We are twenty miles south of San Juan, Puerto Rico. Pedro Alvarez, a full-time local chef and part-time local sausage maker, is at the wheel. His girlfriend, Liza Berrios—whom I met two nights before while drinking coconut-infused bootleg rum at a bay-front party, and who agreed, on a whim, to take me on a lechón quest—drives another car, loaded with friends and a cooler of drinks.
I ride shotgun with Pedro and fret. Based on the end of the conversation that I can hear, Apa Ramos, the revered lechonero we plan to visit on this sunny Saturday afternoon, is out of pork. Or nearly out of pork. Toward the close of the conversation, Pedro uses the word cachete, and he motions with his phone toward his cheek. This I understand. There is a possibility that, when we arrive at Lechonera La Ranchera, the low-slung barbecue joint and sports bar run by Ramos, we may get to pick over the remaining charcoal-roasted pig carcasses for cheek meat.
Pedro shifts into second gear. Liza swings in behind. And we accelerate, through the peaks and valleys that ring San Juan, bound for a subtropical barbecue paradise.

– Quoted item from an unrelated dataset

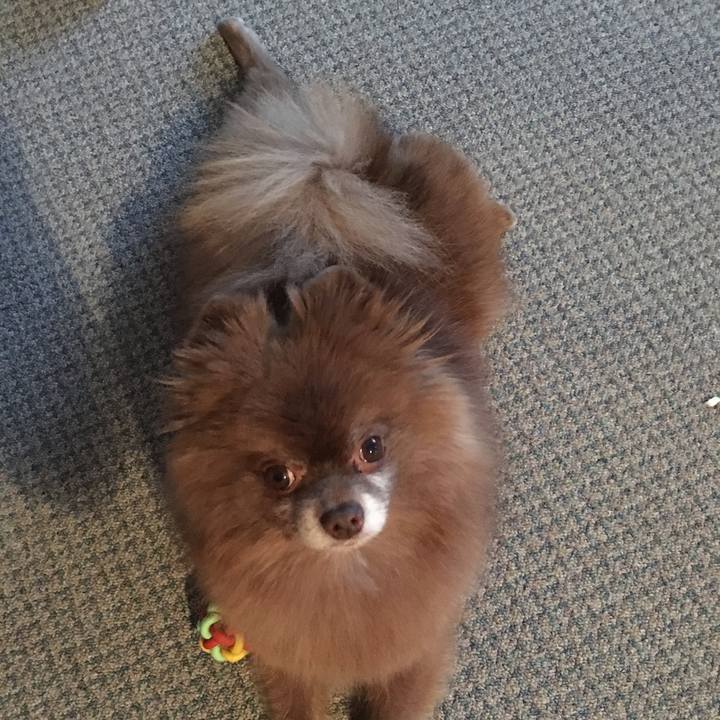 E72151de 9e0c 4935 a9bd 100492dac2ce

Good barbecue in Puerto Rico looks, smells, and tastes a lot like good barbecue in the American South. Pig is the meat of choice. Lechoneros, the Puerto Rican equivalent of pit masters, do their work at humble cafés and roadside stands, reachable by switchback roads that thread the countryside. The best practitioners rely on a maximum amount of smoke. And a minimum amount of folderol.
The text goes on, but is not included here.